Collected material Block Start

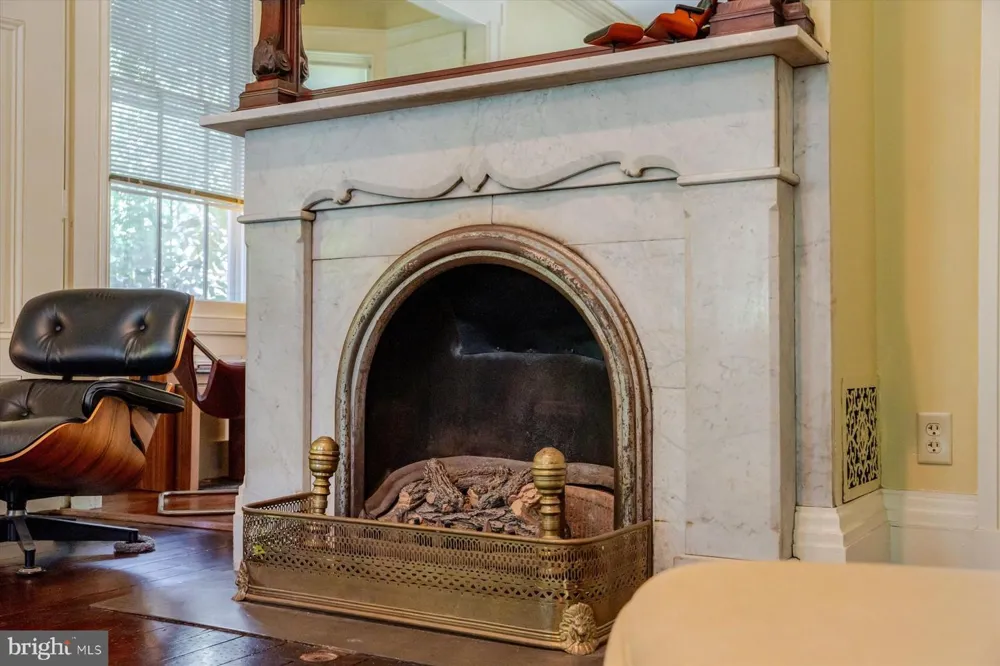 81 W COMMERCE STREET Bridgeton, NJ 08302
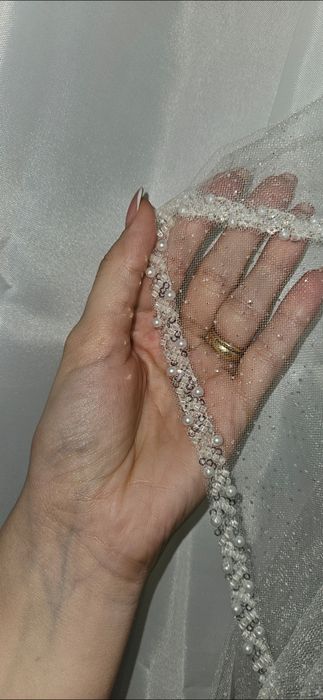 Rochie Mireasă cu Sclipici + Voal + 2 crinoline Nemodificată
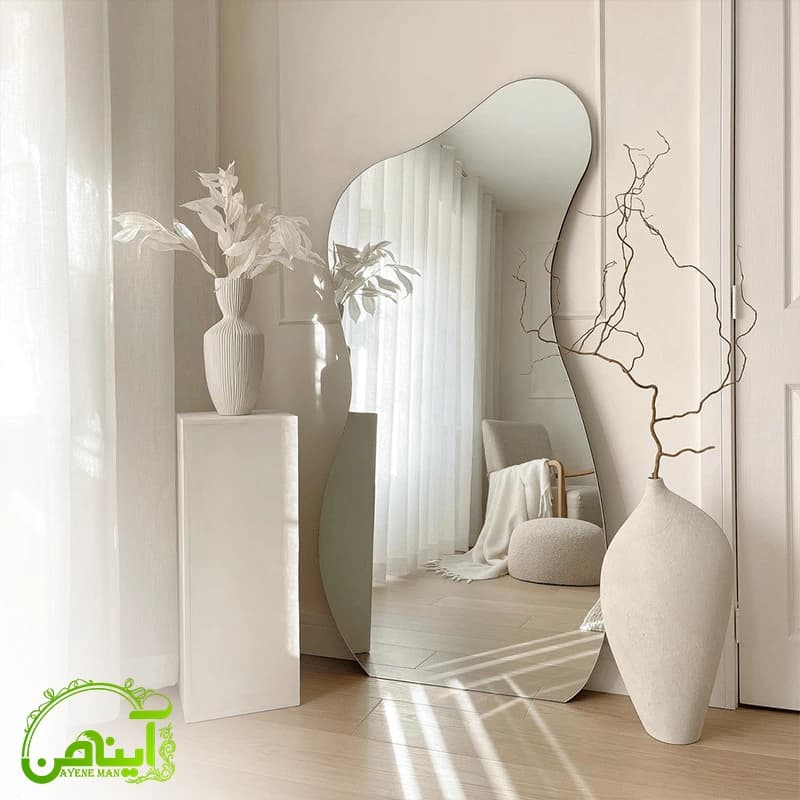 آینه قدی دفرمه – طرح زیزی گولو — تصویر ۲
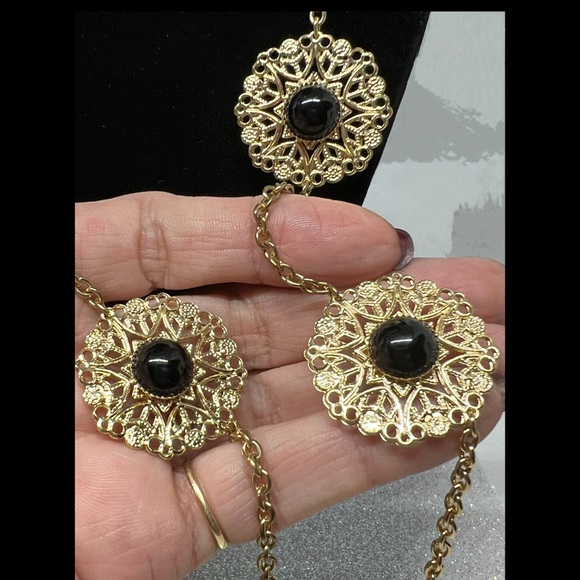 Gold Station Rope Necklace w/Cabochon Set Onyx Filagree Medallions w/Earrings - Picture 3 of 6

Collected material Block End

Assignment: Wherever a picture appears in the data, please drop it and retype the rest exactly.

Written solution:
 81 W COMMERCE STREET Bridgeton, NJ 08302
 Rochie Mireasă cu Sclipici + Voal + 2 crinoline Nemodificată
 آینه قدی دفرمه – طرح زیزی گولو — تصویر ۲
 Gold Station Rope Necklace w/Cabochon Set Onyx Filagree Medallions w/Earrings - Picture 3 of 6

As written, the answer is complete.